Charger Roars Ahead

By Derek Price
At a time when trucks and SUVs are storming to sales records, Dodge’s muscle cars seem to be an anomaly.
Not only are they different from most passenger cars — designed more for nostalgic Detroit style and rumbling power than basic transportation — but they’re actually increasing in sales, roaring to 70 percent growth since 2008, Dodge says.
As I see it, their rebellious spirit is key to that growth, very unusual at a time when sedan and coupe sales are shrinking overall.
I can sense the rebellion when driving the Charger R/T, a V8-powered slap in the face to Elon Musk. It’s the polar opposite of the insufferable future where passenger cars are predicted to head: powered by silent batteries and filled with passengers who cede control to computers and sensors.
The Charger’s weakest engine, a V6, makes 292 horsepower, nearly twice as much as popular but mundane crossover vehicles while still delivering a 30-mpg government fuel economy rating on the highway.

Packing nostalgic styling and ample power, the Dodge Charger muscle car offers thrilling excitement and four-door practicality.

Its strongest engine, the 707-horsepower Hellcat V8, offers otherworldly speed and frightening noises at a comparatively attainable price of $67,045. That price is a tiny fraction of what exotic supercars with the same — or even less — power output often command.
My tester, the R/T Scat Pack, falls somewhere in the middle.
With 485 horsepower on tap and a starting price under $40,000, it’s the best performance-per-dollar bargain I’ve ever seen.
It’s a hoot to drive, too, making enough noise to wake up the neighborhood when you turn the key and capable of spinning the rear tires on command. It’s as far from today’s boring “car of the future” as you can get, and I love that about it.
It’s also impressively practical. A huge trunk, spacious back seat and recliner-width front buckets make it usable and downright comfortable for family highway trips. In fact, I prefer a car like this with its long wheelbase, ample power and compliant ride over a crossover vehicle for road trips, despite their popularity.

The Charger’s roomy cabin is impressively useful for road trips, with spacious seating in front and back along with a voluminous trunk.

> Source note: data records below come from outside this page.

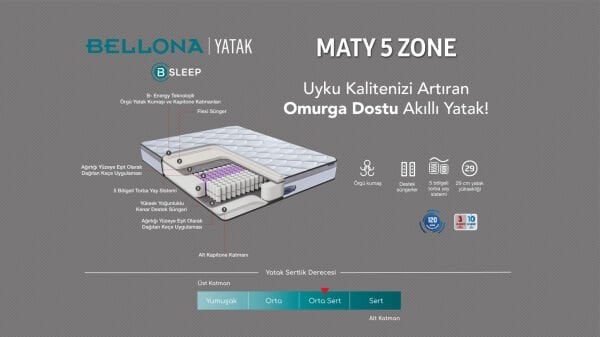 Maty 5 Zone Yatak 150X200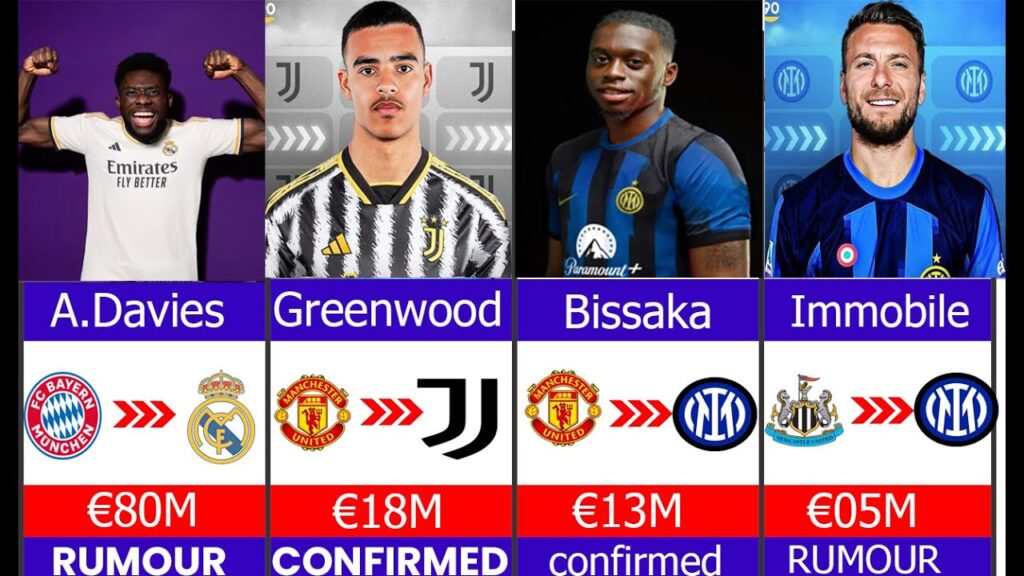 🚨 ALL LATEST CONFIRMED TRANSFER SUMMER 2024, 🔥 Greenwood,  ,Silva,Mbappe,immobile,✅️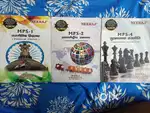 IGNOU MA Political Science books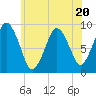 Chelsea tide chart for Thursday, July 20, 2023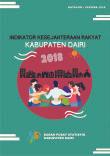 Indikator Kesejahteraan Rakyat Kabupaten Dairi 2018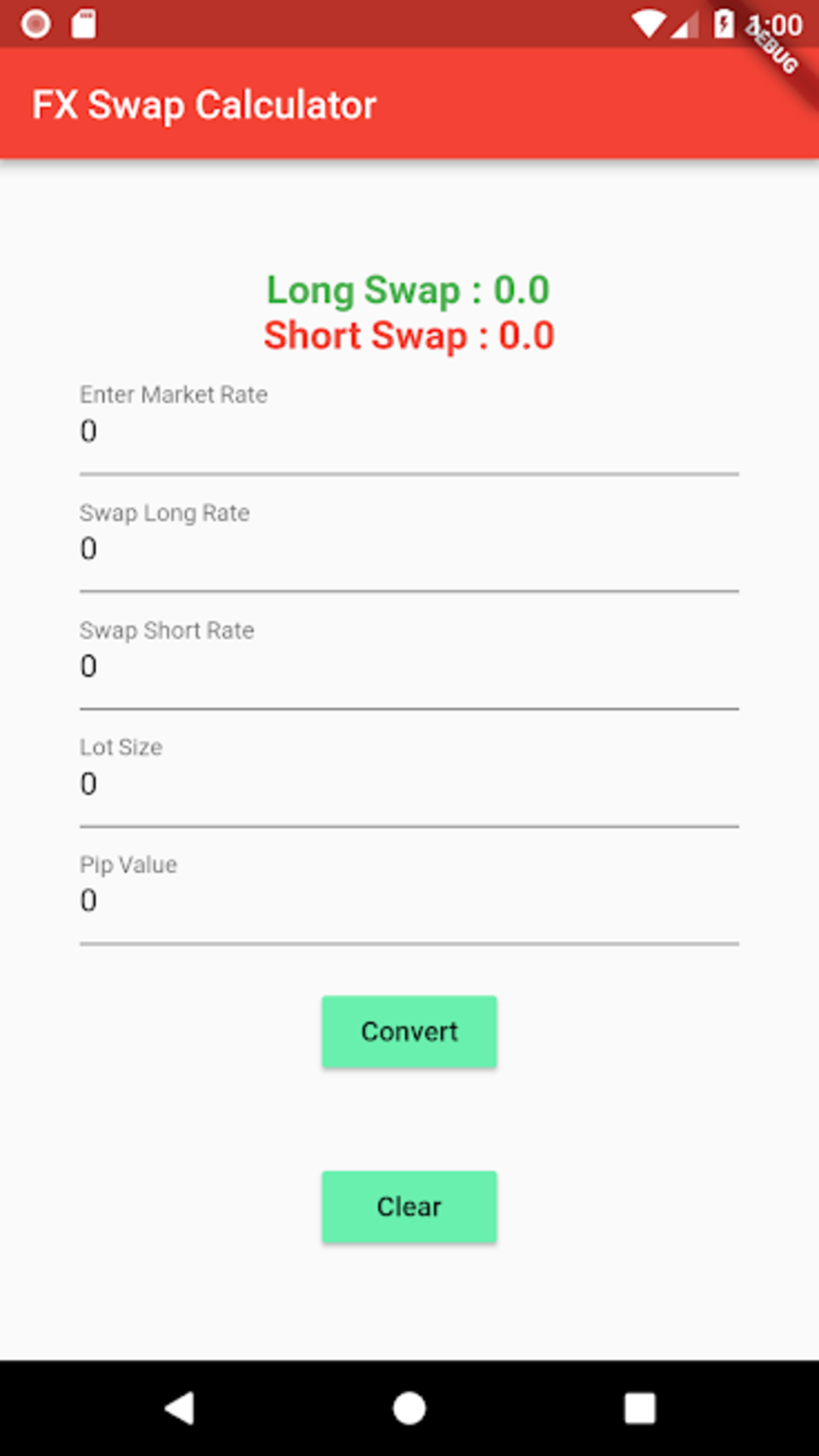 Forex swap calculator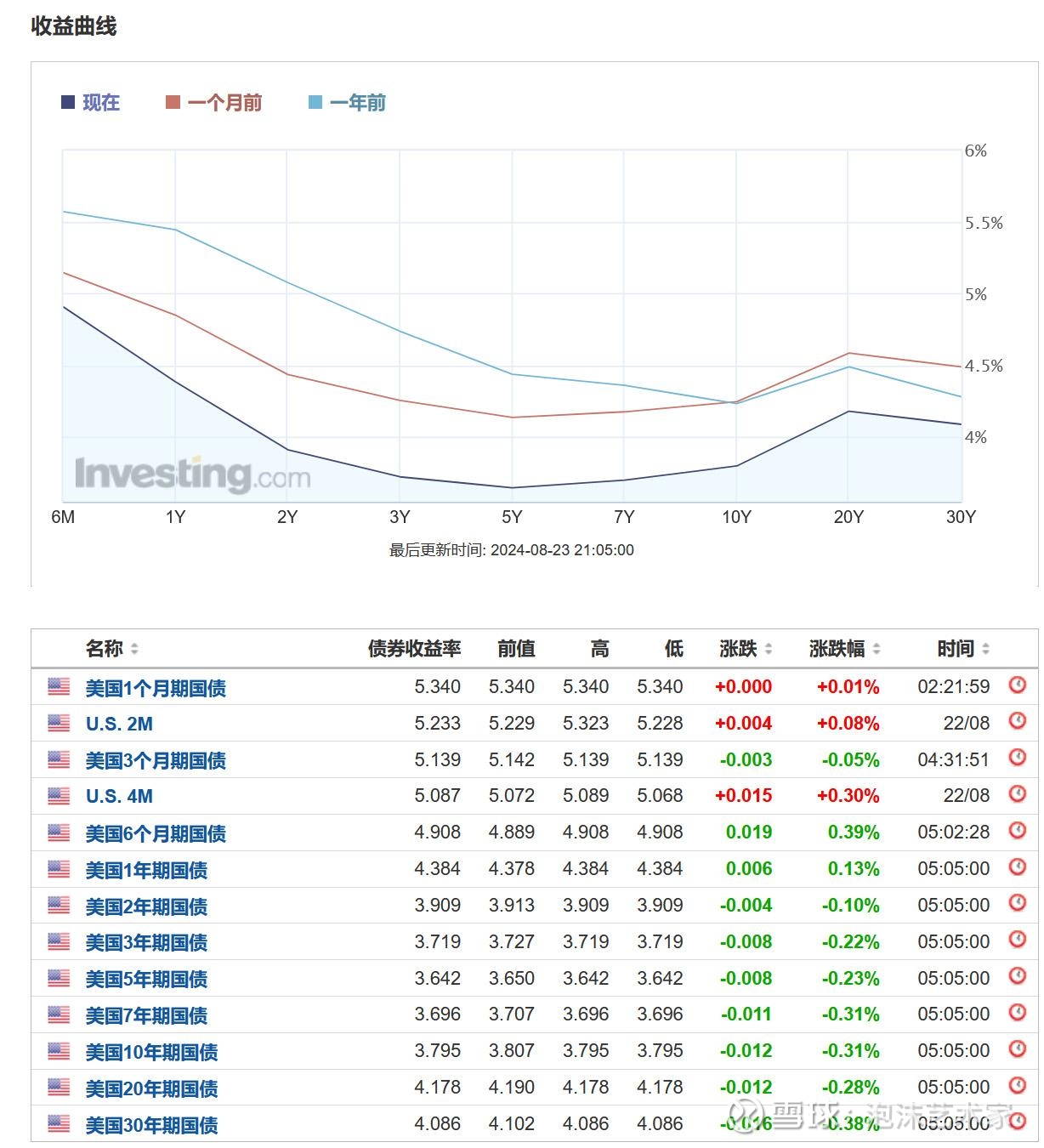 专家称TRON将在年底冲破283美元，引发引发关注-九游体育官网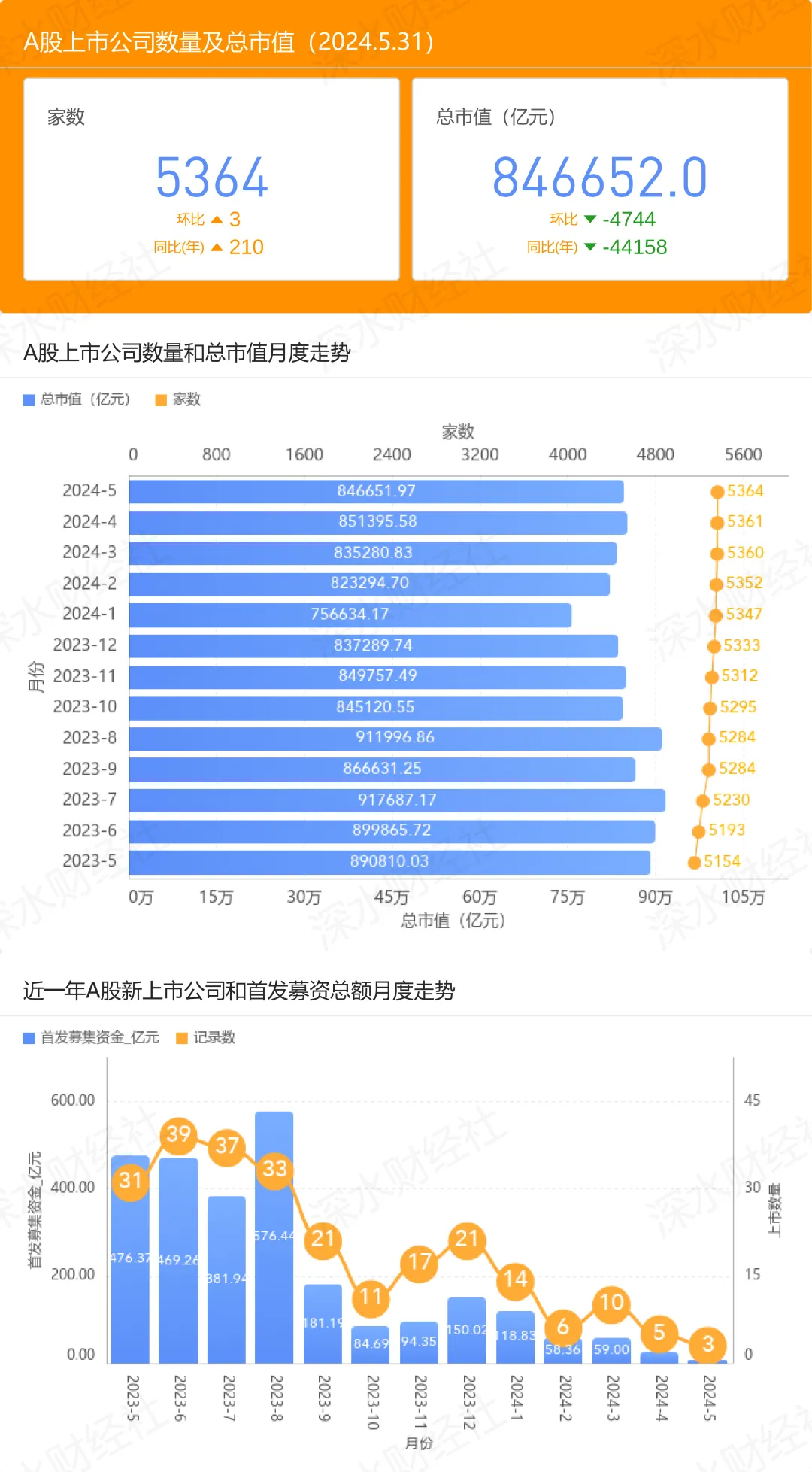 a股总市值从哪里看图片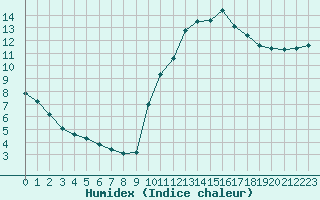 Courbe de l'humidex pour Narbonne-Ouest (11)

The Charger’s muscular throwback styling is just a bonus to me.
It’s a rolling homage to 1960s Detroit, unabashedly different from every other vehicle on the road. It has four doors for family-friendly practicality, but it turns heads much like the two-door Mustangs, Camaros and Challengers that roam in its high-horsepower pack.
A new SXT all-wheel-drive model and Charger GT rear-wheel-drive performance model are added to the lineup for 2019. GT and R/T models get upgrades to their chassis and even more aggressive styling, including an angry-looking air intake on the hood.

At A Glance

What was tested? 2019 Dodge Charger R/T Scat Pack ($39,995). Options: None. Price as tested (including $1,495 destination charge): $41,490
Wheelbase: 120.2 in.
Length: 200.8 in.
Width: 75 in.
Height: 58.5 in.
Engine: 5.7-liter HEMI V8 (370 hp, 395 lbs.-ft.)
Transmission: Eight-speed automatic
Fuel economy: 16 city, 25 highway

Style: 8
Performance: 10
Price: 9
Handling: 7
Ride: 7
Comfort: 7
Quality: 6
Overall: 8

Why buy it? 
It’s a loud, aggressive, roomy answer to the boring direction passenger cars have been heading, to their detriment. It makes a statement, is thrilling to drive and has four-door practicality for families.